RE: -rpath with libtool and Debian Linux
> -----Message d'origine-----
> De: Ulrich Drepper [SMTP:drepper@cygnus.com]
> Date: jeudi 28 janvier 1999 00:54
> À: Jules Bean
> Cc: Alexandre Oliva; Debian Developers; bug-libtool@gnu.org
> Objet: Re: -rpath with libtool and Debian Linux
>
> Jules Bean <jmlb2@hermes.cam.ac.uk> writes:
>
> > rpath is broken. You said as much yourself. rpath is broken
> because it
> > *overrides* all other sorts of library searching.
>
> I think people here do not know about $ORIGIN. This allows to define
> relative rpaths.

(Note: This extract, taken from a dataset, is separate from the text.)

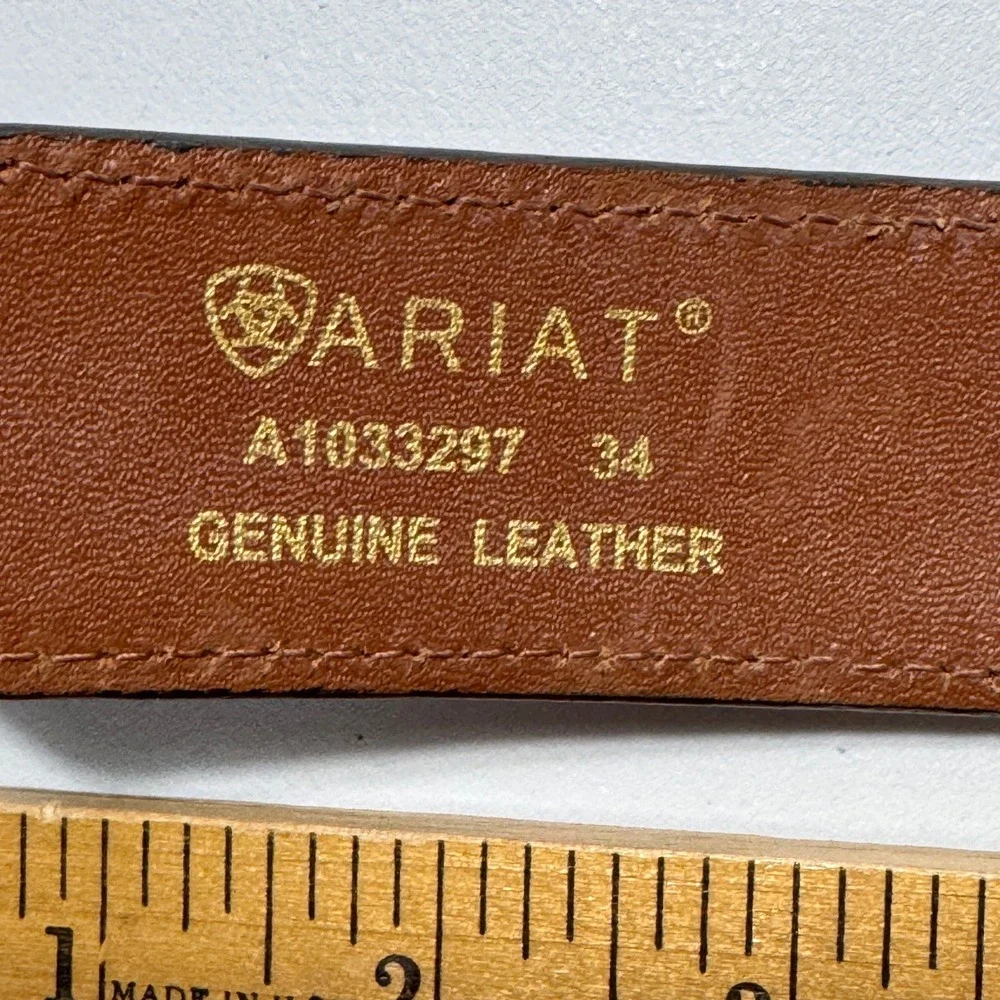 Unbranded Western Belt Unisex Brown Excellent Tooled Leather Woven Studs Concho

E.g., a package with a program foo and a library
> libbar.so where foo is installed in $PATH/bin and libbar.so is defined
> in $PATH/lib should use
>
> -rpath \$ORIGIN/../lib
>
> The $ORIGIN is defined relative to the location of the object
> containing the reference.
>
> This is available in Solaris 7 (maybe 2.6?) and Linux w/ glibc 2.1.
>
This is the perfect way of doing if the same package install a common
shared library and a set of programs using it; then relative paths are
OK. By this does not solve the problem of finding independently
installed libraries or system ones... There -rpath will force to use the
absolute path of these libraries on the development system and if
installed as a binary package, these may be in slightly differing places
(I'm sure there is system libs that are in /usr/lib in some Linux
distribs but in /lib or /usr/local/lib in others...)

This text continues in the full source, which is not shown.